Investment Adviser, Sub-Adviser and Portfolio Manager

 

Investment Adviser. Nuveen Fund Advisors, LLC, the Fund’s investment adviser, is responsible for overseeing the Fund’s overall investment strategy and implementation. Nuveen Fund Advisors offers advisory and investment management services to a broad range of investment company clients. Nuveen Fund Advisors has overall responsibility for management of the Fund, oversees the management of the Fund’s portfolio, manages the Fund’s business affairs and provides certain clerical, bookkeeping and other administrative services. Nuveen Fund Advisors is located at 333 West Wacker Drive, Chicago, Illinois 60606. Nuveen Fund Advisors is an indirect subsidiary of Nuveen, the investment management arm of TIAA. TIAA is a life insurance company founded in 1918 by the Carnegie Foundation for the Advancement of Teaching and is the companion organization of College Retirement Equities Fund. As of December 31, 2023, Nuveen managed approximately $1.2 trillion in assets, of which approximately $140.2 billion was managed by Nuveen Fund Advisors.

 

Sub-Adviser. Nuveen Asset Management, LLC, 333 West Wacker Drive, Chicago, Illinois 60606, serves as the Fund’s sub-adviser pursuant to a sub-advisory agreement between Nuveen Fund Advisors and Nuveen Asset Management (the “Sub-Advisory Agreement”). Nuveen Asset Management, a registered investment adviser, is a wholly owned subsidiary of Nuveen Fund Advisors. Nuveen Asset Management oversees day-to-day investment operations of the Fund. Pursuant to the Sub-Advisory Agreement, Nuveen Asset Management is compensated for the services it provides to the Fund with a portion of the management fee Nuveen Fund Advisors receives from the Fund. Nuveen Fund Advisors and Nuveen Asset Management retain the right to reallocate investment advisory responsibilities and fees between themselves in the future.

 

Portfolio Manager.

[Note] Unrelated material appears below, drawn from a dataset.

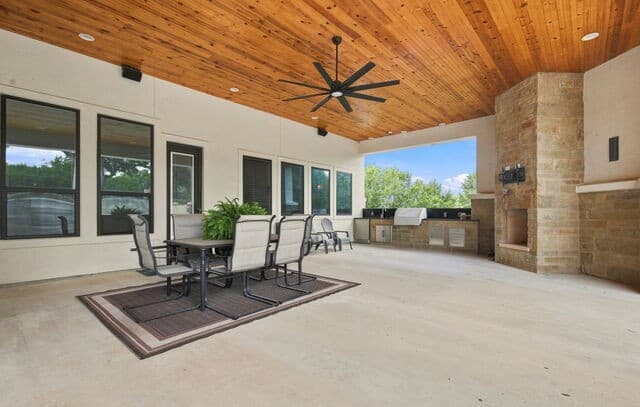 1125  Cordova Bnd, Canyon Lake, TX 78133 — photo 19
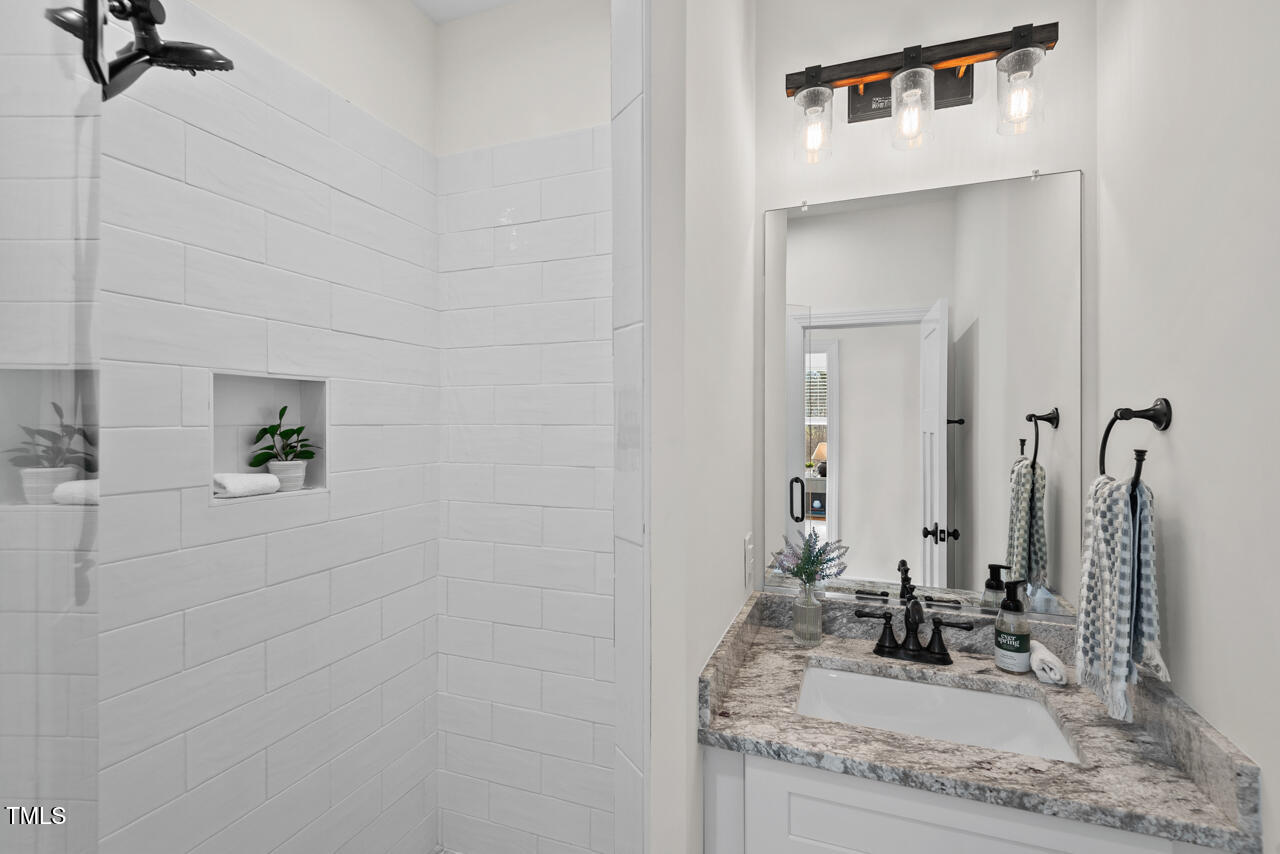 Graham, North Carolina 27253, United States, 4 Bedrooms Bedrooms, ,3 BathroomsBathrooms,Residential,Pending,11501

Nuveen Asset Management is responsible for the execution of specific investment strategies and day-to-day investment operations of the Fund. Nuveen Asset Management manages the Nuveen funds using a team of analysts and portfolio managers that focuses on a specific group of funds. The day-to-day operation of the Fund and the execution of its specific investment strategies is the primary responsibility of Daniel J. Close and Stephen J. Candido, the designated portfolio managers of the Fund.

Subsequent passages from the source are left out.